Someone else, preferably an (honest) mod will secretly randomly assign teams to numbers.

Once everyone has selected a number we'll match names and teams.

Winner - 10 million creds
Runner up - 5 million creds
3rd place - 2 million creds

Group Winner - 1 million creds
Group Runner up - 500k creds
Bottom of group - 250k creds

Worst team in competition - 10 million creds (decided by points then Goal Difference, shared if 2 or more equally shit teams finish with the same Goal Difference).

*Finally - Here are your teams!*


*Group A - COMPLETE*

Brazil - Don Rifle - *WINS 1 MILLION CREDITS*
Mexico - Spite - *WINS 500K CREDITS*
Croatia - UFC Owns
Cameroon - Stun Gun - *WINS 250k CREDITS PLUS 10 MILLION CREDITS FOR BEING WORST OF THE WORST*


*Group B - COMPLETE*

Netherlands - TheAuger - *WINS 1 MILLION CREDITS*
Chile - HitorGetHit - *WINS 500K CREDITS*
Spain - N/A -
Australia - edlavis88 - *WINS 250K CREDITS*


*Group C - COMPLETE*

Colombia - Andrus - *WINS 1 MILLION CREDITS*
Greece - OKHO - *WINS 500K CREDITS*
Ivory Cost - John8204
Japan - onip69 - *WINS 250K CREDITS*


*Group D - COMPLETE*

Costa Rica - Soojooko - *WINS 1 MILLION CREDITS*
Uruguay - Boatoar - *WINS 500K CREDITS*
Italy - orangekoolaid
England - N/A

*Group E - COMPLETE*

France - BaBoom - *WINS 1 MILLION CREDITS*
Switzerland - Hammerlock - *WINS 500K CREDITS*
Ecuador - Dr Gonzo 
Honduras - Cookie Monster - *WINS 250K CREDITS*

*Group F - COMPLETE*

Argentina - N/A
Nigeria - Alan S - *WINS 500K CREDITS*
Bosnia - N/A
Iran - AJClark - *WINS 250K CREDITS*

*Group G - COMPLETE*

Germany - CupCake - *WINS 1 MILLION CREDITS*
USA - HorsePowerR - *WINS 500K CREDITS*
Portugal - Gazh
Ghana - Killz - *WINS 250K CREDITS*


*Group H - COMPLETE*

Belgium - No Mercy - *WINS 1 MILLION CREDITS*
Algeria - N/A 
Russia - AlphaDawg
Korea - Kickstat - *WINS 250K CREDITS*

------------------------------------------------------------------

WINNER - CupCake scores 10 million credits! - Big Grats!

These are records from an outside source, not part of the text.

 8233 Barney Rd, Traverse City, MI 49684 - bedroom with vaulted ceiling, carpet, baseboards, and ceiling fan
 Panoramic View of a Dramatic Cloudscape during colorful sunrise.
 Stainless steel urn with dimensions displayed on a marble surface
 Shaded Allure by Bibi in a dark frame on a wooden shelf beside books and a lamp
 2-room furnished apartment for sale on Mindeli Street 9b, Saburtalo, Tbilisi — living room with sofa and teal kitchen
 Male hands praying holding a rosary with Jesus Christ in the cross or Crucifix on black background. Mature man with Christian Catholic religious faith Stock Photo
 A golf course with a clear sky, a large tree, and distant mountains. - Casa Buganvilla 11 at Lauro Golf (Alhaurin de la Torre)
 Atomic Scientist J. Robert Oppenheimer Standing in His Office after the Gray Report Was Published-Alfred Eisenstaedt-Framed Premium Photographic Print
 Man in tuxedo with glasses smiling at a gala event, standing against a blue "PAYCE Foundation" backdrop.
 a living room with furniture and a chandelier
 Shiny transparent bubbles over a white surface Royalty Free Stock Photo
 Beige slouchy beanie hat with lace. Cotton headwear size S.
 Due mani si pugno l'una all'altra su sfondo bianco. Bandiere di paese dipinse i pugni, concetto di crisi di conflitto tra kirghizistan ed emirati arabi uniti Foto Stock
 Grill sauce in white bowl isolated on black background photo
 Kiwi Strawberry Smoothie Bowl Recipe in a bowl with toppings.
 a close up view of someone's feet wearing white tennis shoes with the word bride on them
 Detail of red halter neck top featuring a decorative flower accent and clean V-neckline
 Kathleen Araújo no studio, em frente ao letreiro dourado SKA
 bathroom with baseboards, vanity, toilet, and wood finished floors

RUNNER-UP - TheAuger nets 5 million credits!

3RD Place - DonRifle bags 2 million credits

Thanks for playing all.


----------



## HitOrGetHit

If nobody has assigned numbers I will assign them right now just in a random number generator.

EDIT: List is made.


----------



## Spite

HitOrGetHit said:


> If nobody has assigned numbers I will assign them right now just in a random number generator.
> 
> EDIT: List is made.


Nice.

Once the numbers are in I'll request the list from you.


----------



## Stun Gun

This is a great idea Spite. Nice event


----------



## Killz

Come on, we need more people in on this.


----------



## No_Mercy

I just want to say thanks for playing everybody. I already know I won. $10 million magically appear...now!!!


----------



## Stun Gun

people sign up so I can win and laugh at No Mercy when he fails


----------



## LizaG

I'm in!


----------



## No_Mercy

Lolz!  I already lost opening day when I was rooting for Croatia. Now I'm going for Team Uruguay!


----------



## Stun Gun

they lost too lol


----------



## Killz

Hahahahahahah a BURN! :laugh:


----------



## AlanS

Just sent you a PM Spite.

Sent from Verticalsports.com Free App


----------



## Spite

Giving this to until the end of the day before I open it up to the plebs section 

If you havent got your number in do so now!


----------



## Killz

This is now in the UFC section for a bit more exposure!

Get your numbers in guys


----------



## Soojooko

EDIT: oops... just seen i need to pm


----------



## Andrus

Can't wait!


----------



## Spite

Ok waiting on Soojooko and Gonzo to send new picks then there is just 5 numbers left!


----------



## Spite

5 Numbers left. One of them could Brazil or Germany?!

Easy credits up for grabs.

I'm closing this in the next couple of hours.


----------



## Spite

Last call for new entrants.

I've requested the team list from HitorGetHit. When I get it I'm closing the event.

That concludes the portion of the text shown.